(THE DATA begins)

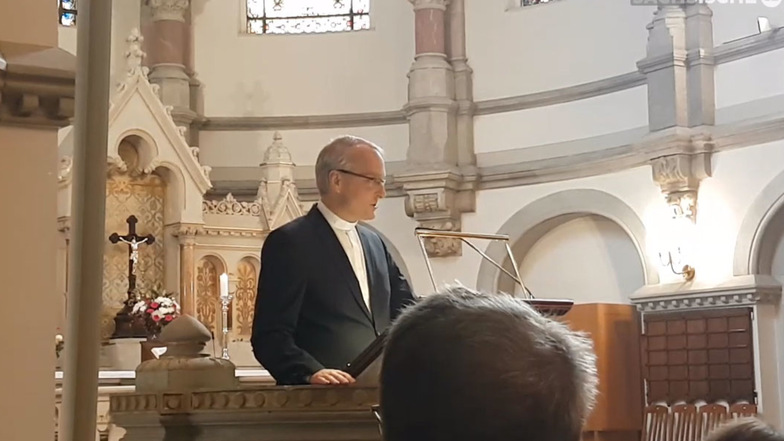 Ex-Bischof Rentzing während seiner Rede in der Dresdner Martin-Luther-Kirche.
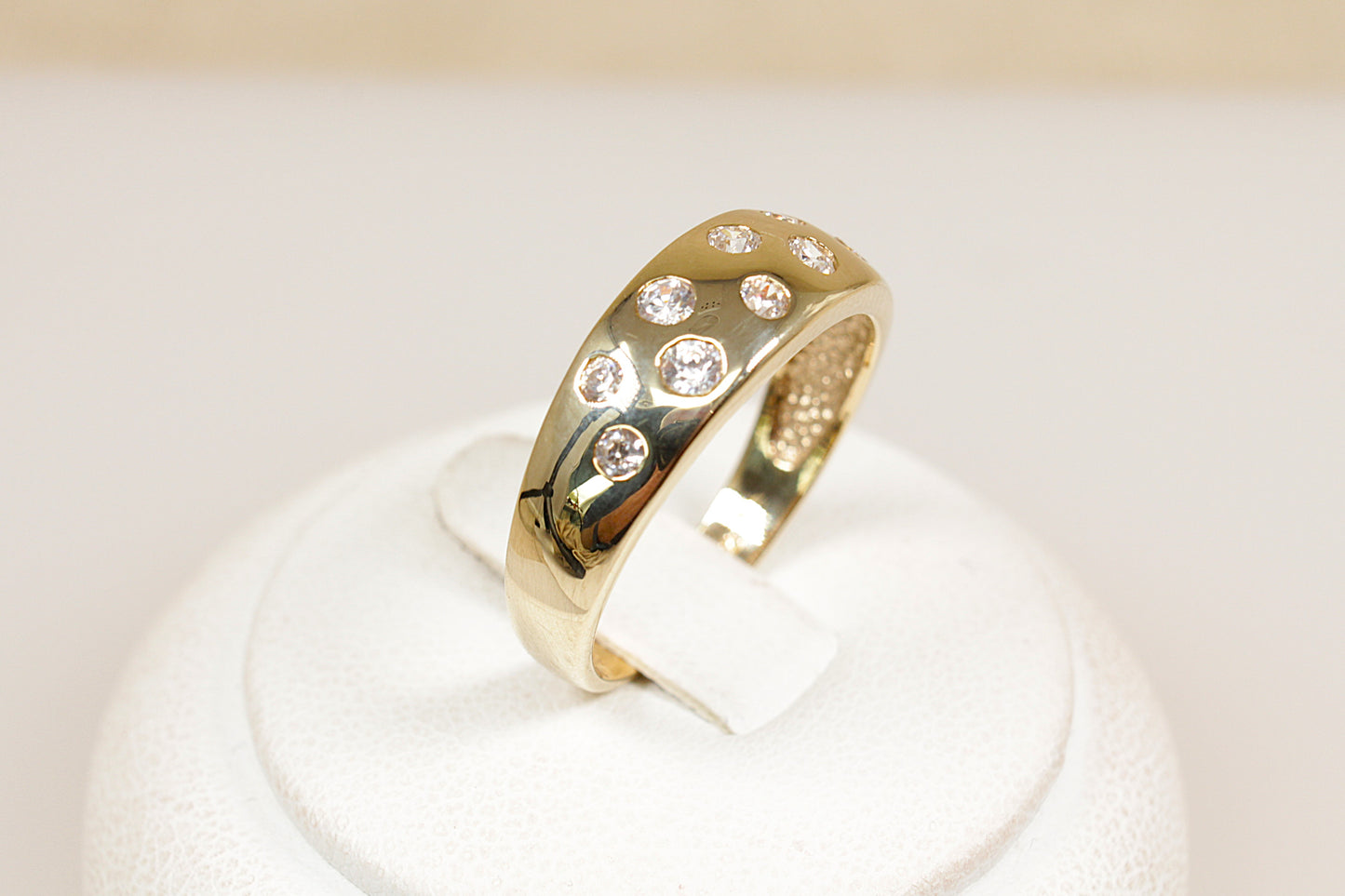 A 9ct Yellow Gold 9 stone scatter band ring.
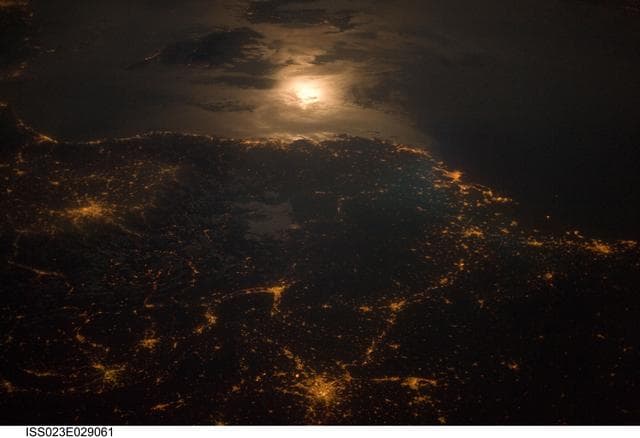 Earth Observations taken by the Expedition 23 Crew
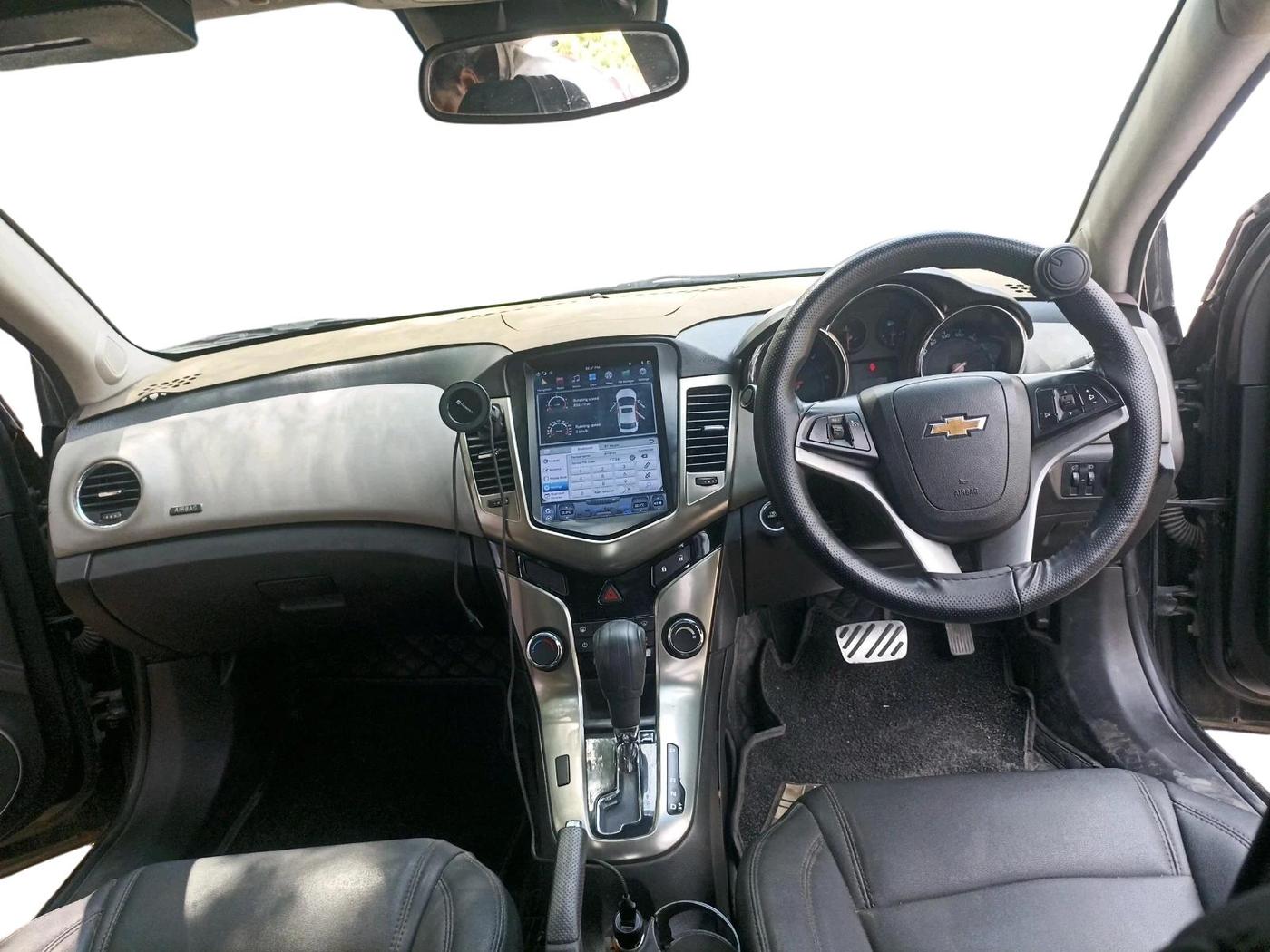2015 Chevrolet Cruze LTZ AT, Diesel, Automatic, 57,038 km, interior
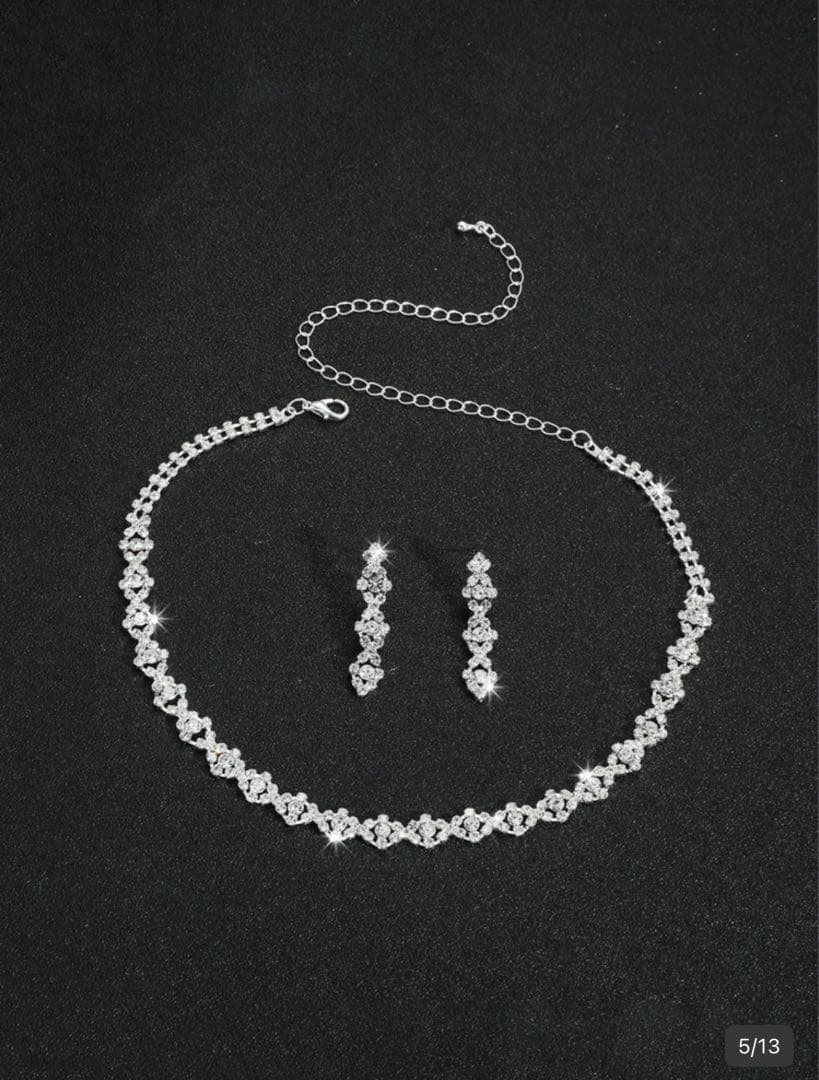 【新品未使用】ホワイト オフショルウェディングドレス(ティアラ•ジュエリー付き)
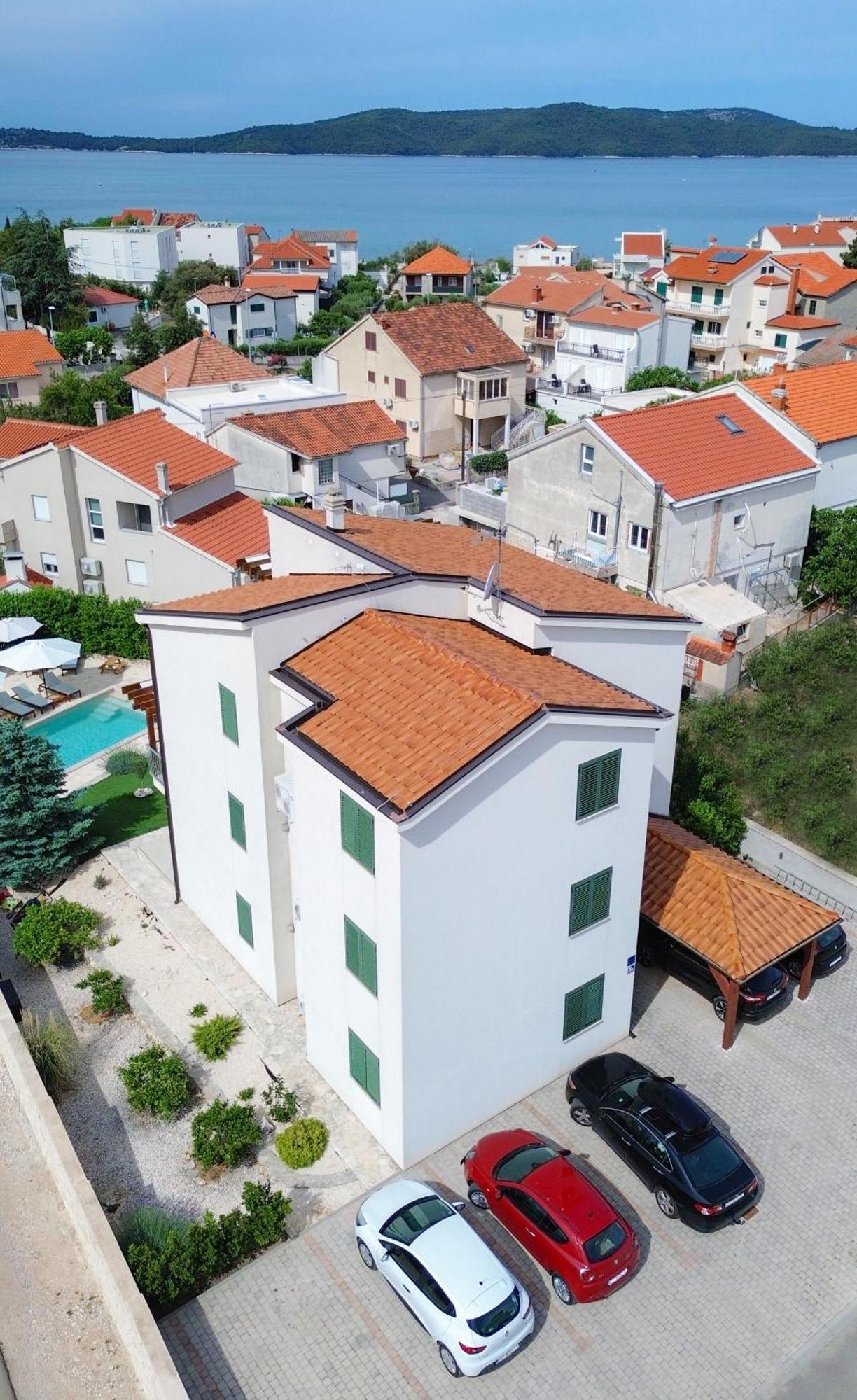 Laura * Brodarica (Sibenik-Knin)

(THE DATA ends)

→ YOUR INSTRUCTIONS: All of the data is to be returned exactly, with no pictures included.

→ WRITTEN SOLUTION:
 Ex-Bischof Rentzing während seiner Rede in der Dresdner Martin-Luther-Kirche.
 A 9ct Yellow Gold 9 stone scatter band ring.
 Earth Observations taken by the Expedition 23 Crew
2015 Chevrolet Cruze LTZ AT, Diesel, Automatic, 57,038 km, interior
 【新品未使用】ホワイト オフショルウェディングドレス(ティアラ•ジュエリー付き)
 Laura * Brodarica (Sibenik-Knin)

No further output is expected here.